Google Fiber is available at her home in east Kansas City, but Banks said she's not a customer and not eager to change.

"I have considered Google," she said, "but I don't know enough about it."

Google has built a highly visible presence in Kansas City, hosting ice cream socials at "fiber rallies" to sign up new customers and packing the roadways with contractors' distinctive service trucks, each adorned with the company's signature "fiber rabbit."

But Liimatta, Connecting for Good's director, said Google Fiber has had trouble connecting with people one-to-one, especially in Kansas City's underserved communities where many people have never been online

"Treading outside of Internet culture has been a difficult thing for Google," Liimatta said.

Google is certainly trying. The company says it's working with a dozen different organizations in the Kansas City area -- including Connecting for Good -- on bringing more people online.

Success, according to the company, requires making the Internet affordable, teaching them how to get online, and showing people what it can do.

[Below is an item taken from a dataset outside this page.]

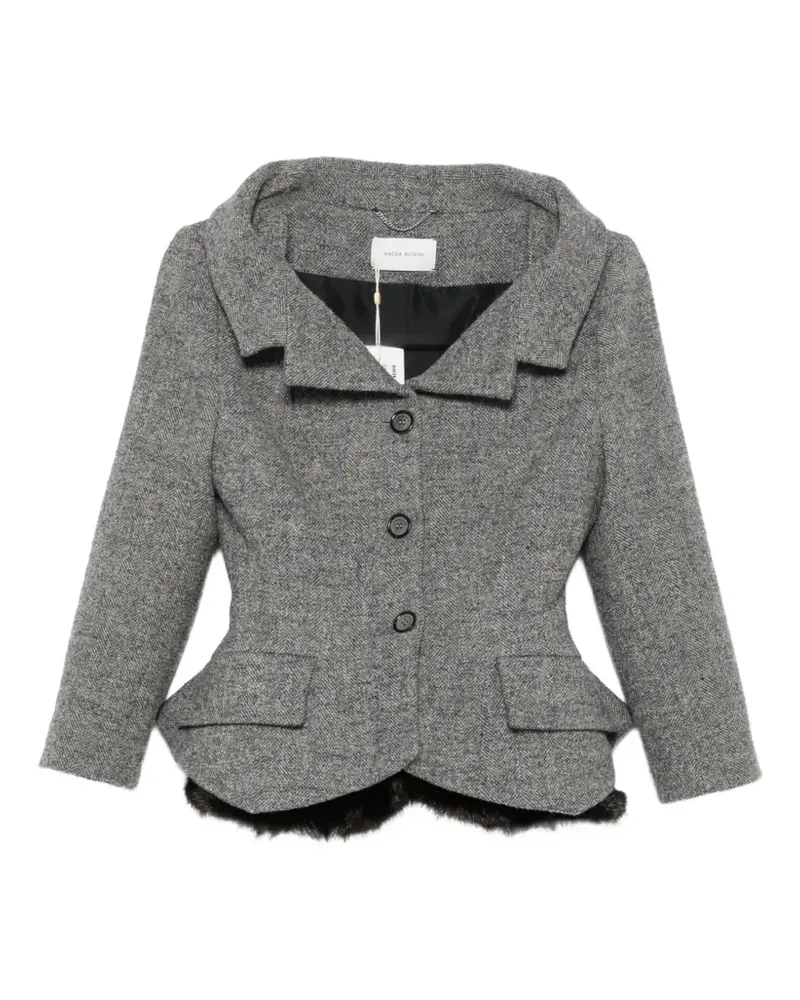 Magda Butrym Blazer mit Fischgrätenmuster und Faux Fur-Besatz - Grau Grau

And Google says the best way to do that is to find community groups in each of its market to help, people who already have connections to the customers Google wants to reach.

"The most successful initiatives we have to close the digital divide are ones where we're working with local partners," said Erica Swanson, head of community impact programs for Google Fiber. "Communities are eager to address it and if we work together we can actually make a dent in it."

Connecting for Good receives financial support and Chromebook laptops through Google Fiber, and Liimatta said he plans to install Google Fiber in his own home. It's a great service, he said, but it's designed for the top tier of Internet users -- not the entry level.

"The engineers have basically set the tone for Google inside Kansas City," Liimatta said. "It's much more that than it is the social agenda."